実際、同レポートでは、2026年1月時点でHNWIの資産配分のうち、オルタナティブ投資が12%を占めていると示されています。対象には、コモディティ、通貨、プライベートエクイティ、ヘッジファンド、ストラクチャード商品、デジタル資産などが含まれます。富裕層の資産運用において、伝統的な金融商品だけではなく、異なる値動きや価値の源泉を持つ資産を組み合わせる考え方は、すでに一般的な選択肢のひとつになりつつあります。
この流れの中で、あらためて注目したいのが、アンティークコインという現物資産です。
アンティークコインは、金や銀といった素材価値を持ちながら、同時に希少性、歴史性、美術性、鑑定評価、そして国際的なコレクター需要によって価値が形成されます。単なる地金とは異なり、一枚ごとに発行背景や現存数、保存状態、グレード、人気の傾向が異なります。
ここで重要なのは、富裕層人口や資産額が増えても、良質なアンティークコインの数は増えないという点です。
株式は新たに発行されることがあります。不動産も開発によって供給が増えることがあります。しかし、過去に発行されたアンティークコインは、同じものが新たに作られることはありません。むしろ長い年月の中で失われたり、個人コレクションに退蔵されたりすることで、市場に出てくる良質な個体は限られていきます。
つまり、世界の富裕層が増える一方で、質の高い現物資産の供給は簡単には増えない。ここに、アンティークコインが持つ本質的な魅力があります。
もちろん、すべてのコインが価値を高めるわけではありません。重要なのは、希少性、状態、鑑定評価、市場での評価、そして将来的な流動性を丁寧に見極めることです。だからこそ、アンティークコインは単なる「古いコイン」ではなく、専門性と目利きが価値を分ける現物資産といえます。

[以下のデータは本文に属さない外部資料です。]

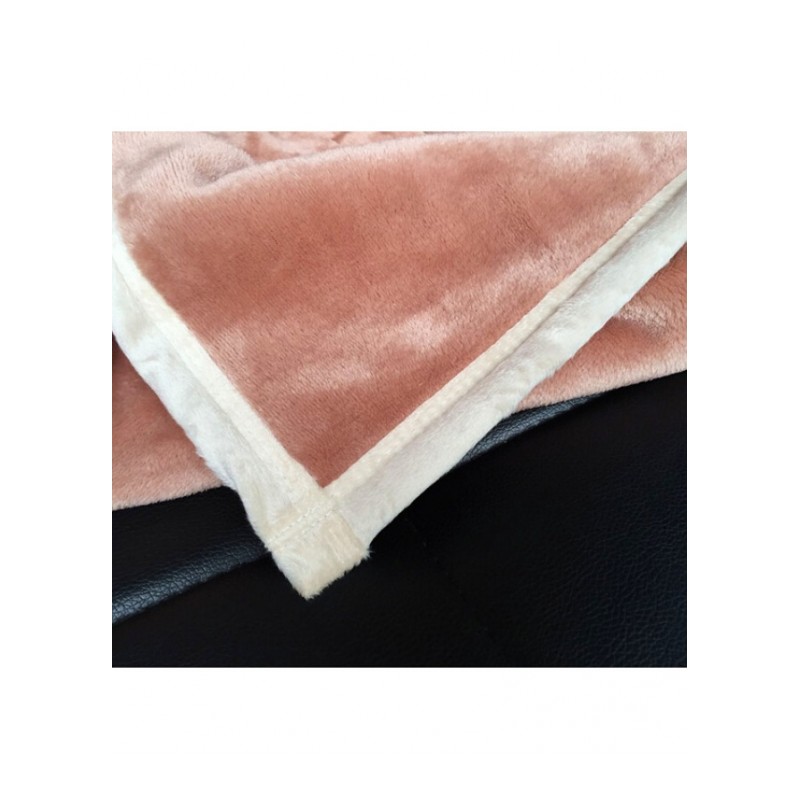 毛毯双层纯色小毛毯午睡毯办公室冬季午休毯躺椅盖毯沙毯加厚绒粉色双层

投資上級者にとっては、アンティークコインは金融市場とは異なる価値形成を持つ資産として、ポートフォリオの質を高める選択肢になり得ます。一方で、初心者にとっても、実際に現物を見て、背景を知り、納得して選べるという点で、資産形成の入口として非常に分かりやすい存在です。
世界の富が拡大し、資産を持つ人が増えていく時代。
その中で本当に見直されるのは、誰でも同じように買えるものではなく、数に限りがあり、歴史と美しさを備えた資産ではないでしょうか。
アンティークコインは、価格だけでは語りきれない価値を持つ現物資産です。資産性、美術性、希少性、そして所有する満足感を兼ね備えた一枚は、これからの時代において、より一層その存在感を高めていく可能性があります。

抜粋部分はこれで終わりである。